Why does surgical treatment for osteomyelitis differ to treatment for RONJ?
Greater bone destruction with RONJ - can’t cut back to healthy bone
What is osteoradionecrosis?
- Bone necrosis/ loss;
- Mandible most commonly affected (poor blood supply);
- Seen in H&N cancer patients who have received radiotherapy;
- The bone in the radiation beam becomes virtually non-vital;
- Endarteritis (further reduced blood supply);
- Turnover of remaining bone is slow;
- Self-repair ineffective;
- Worse with time.
How should you manage an extraction with RONJ?
- Liase with cancer team;
- Some suggest routine extraction (carefully);
- Others say to avoid extractions;
- Others suggest surgical extraction, alveoplasty and primary closure of soft tissue;
- Often require referral to SCD.
What is hyperbaric oxygen use?
Occasionally used with RONJ patients before and after extractions, to increase local tissue oxygenation and vascular ingrowth to hypoxic areas
(oxygen chamber)
How should you treat RONJ?
- Irrigation of necrotic debris;
- Remove loose sequestra;
- Use of chlorhexidine before/ after tx (not on open wounds!);
- Antibiotics for infected areas;
- Hyperbaric oxygen before/ after tx.
What is MRONJ?
- Medication related osteonecrosis (of the jaw);
- Previously called bisphosphonate related osteoradionecrosis (of the jaw);
- Condition restricted to the jaws;
- Occurs post-extraction/ following denture trauma/ spontaneously;
- Effects both jaws;
- Risk higher in patients receiving IV bisphosphonates;
- Large range in symptoms.
What are bisphosphonates used for?
- Class of drugs used to teat osteoporosis, Paget’s disease and malignant bone metastases (from other cancers, like breast);
- Inhibit osteoclast activity and so inhibit bone resorption and therefore bone renewal;
- Drugs remain in the body for years.
What is the suffix for bisphosphonate drugs?
-ate
What medications can cause MRONJ?
- Antiresorptive (inc. BPs);
- Immune modulating drugs (like monoclonal antibodies).

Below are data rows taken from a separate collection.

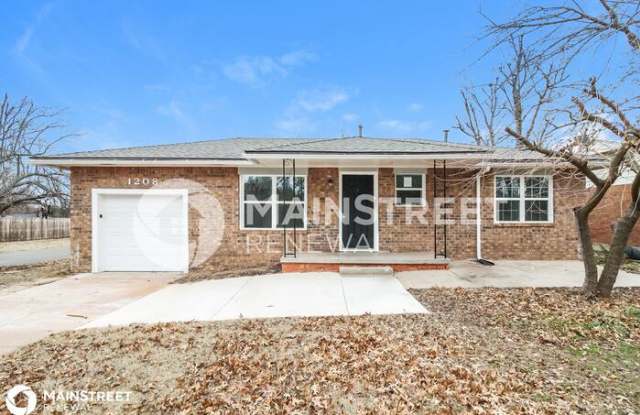 1208 Tim Holt Drive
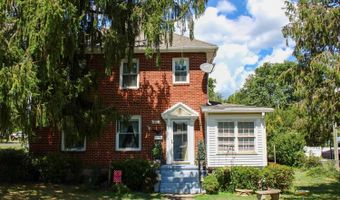 811 Broad St, Altavista, VA 24517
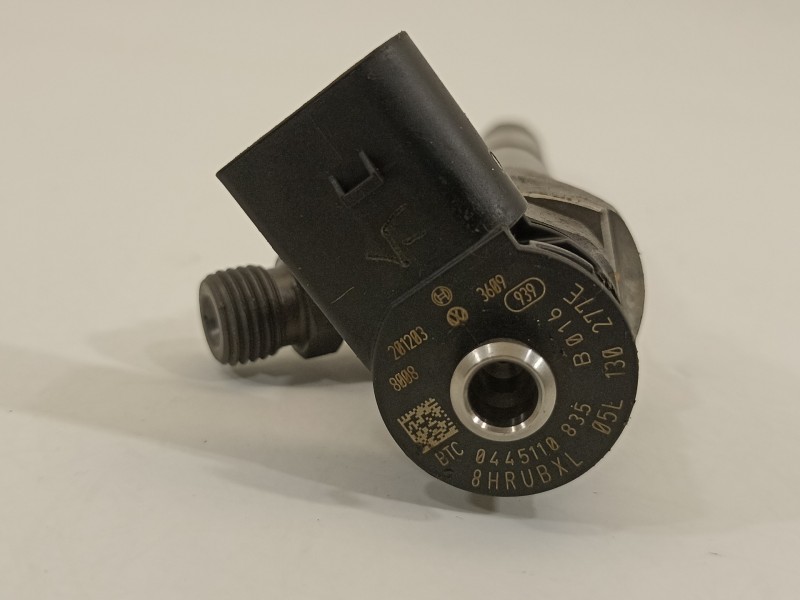 Recambio de inyector para audi a3 sportback (8y) gy referencia OEM IAM 05L130277E 0445110835 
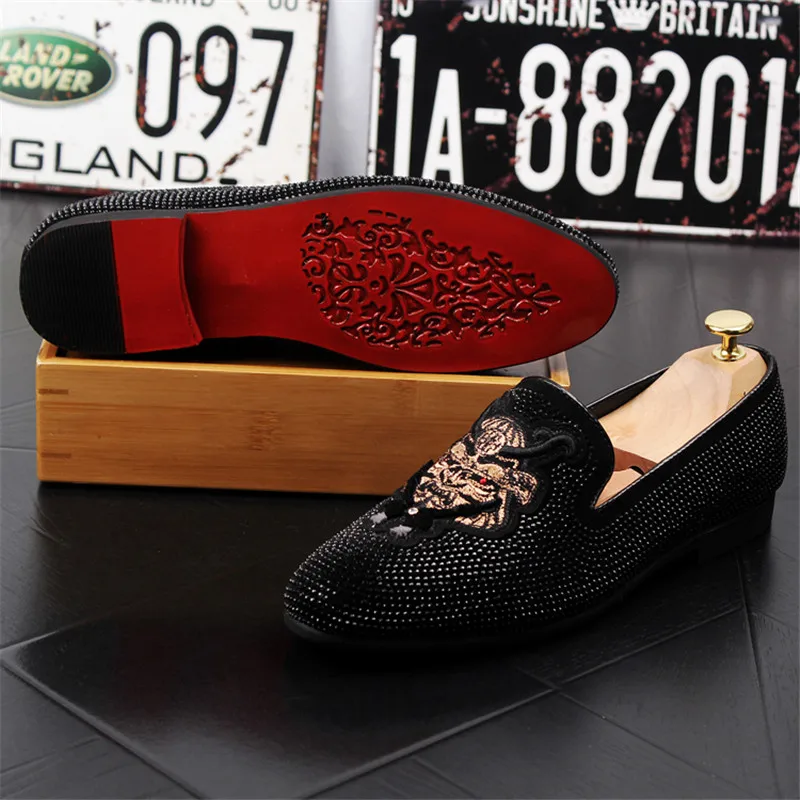 Handmade Black Shoes Luxurious Men Leather Loafers Fashion Party And Wedding Men's Casual Embroidery Shoes 5#25/15E50 Handmade Black Shoes Luxurious Men Leather Loafers Fashion Party And Wedding Men's Casual Embroidery Shoes 5#25/15E50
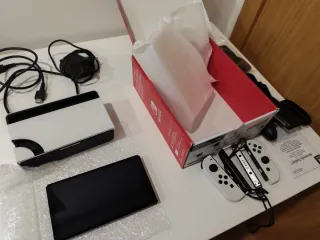 Nintendo Switch OLED + 3 Jogos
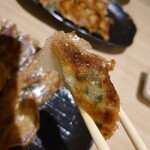 ぎょうざ 歩兵 - 生姜餃子up❤️この薄焼きが堪りません(*´σｰ｀)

Where should you look for guidelines on treating MRONJ patients for other treatments, like implants?
SDCEP (MRONJ, 2017)
At what common sites do you see MRONJ?
- Maxilla;
- Behind mandibular tori, like lingual tori;
- Sites of tooth removal.
What is actinomycosis?
- Rare bacterial infection;
- Actinomyces israelii/ A. naeslundii/ A. viscous;
- Low virulence - must be inoculated into an area upon injury/ susceptibility (like site of recent extraction/ area of trauma);
- Infection erodes through tissues rather than following typical facial planes and spaces (areas of least resistance);
- Fairly chronic;
- Multiple skin sinuses and swelling;
- Thick, lumpy pus (sulphur granules);
- Responds initially to antibiotics but can recur after.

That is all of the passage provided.